WORK REQUIRED: After finding "Invitation En Aluminium" in the data, write out its line and all following lines without change, up to and including the last one. Leave out pictures.

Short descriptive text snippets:
-- Opening Marker --
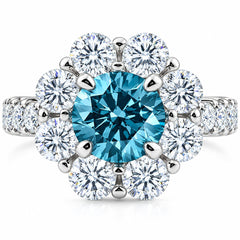3 1/2Ct TW Blue & White Diamond Halo Engagement Ring 14k White Gold Lab Grown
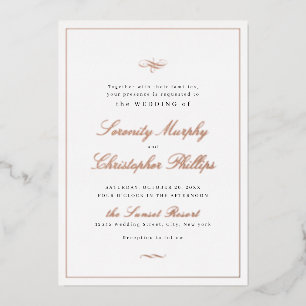 Invitation En Aluminium Élégance Classique Rose en Or Rose Simple Mariage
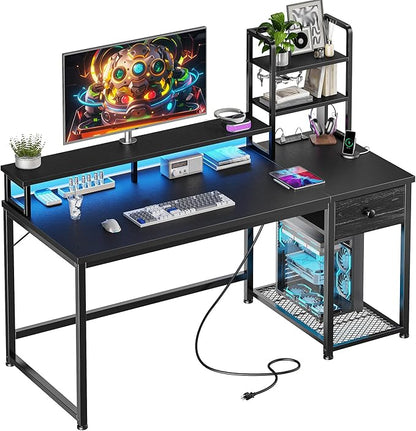 44 Inch Gaming Desk with Hutch and Drawers,Reversible Computer Desk with Monitor Shelf,Home Office Desks with USB Power Outlets and Storage,Pc Small Gaming Desk for Office with LED Lights,Black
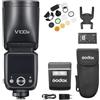 Godox V100N Flash de cámara de cabezal redondo, pantalla de control táctil, lámpara de modelado LED incorporada con subflash desmontable, kit AK-R1, placa difusora compatible con cámaras Niko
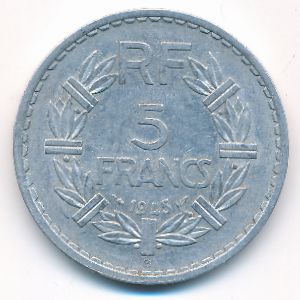 Франция, 5 франков (1945 г.)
-- Closing Marker --
RESULT:
 Invitation En Aluminium Élégance Classique Rose en Or Rose Simple Mariage
 44 Inch Gaming Desk with Hutch and Drawers,Reversible Computer Desk with Monitor Shelf,Home Office Desks with USB Power Outlets and Storage,Pc Small Gaming Desk for Office with LED Lights,Black
 Godox V100N Flash de cámara de cabezal redondo, pantalla de control táctil, lámpara de modelado LED incorporada con subflash desmontable, kit AK-R1, placa difusora compatible con cámaras Niko
 Франция, 5 франков (1945 г.)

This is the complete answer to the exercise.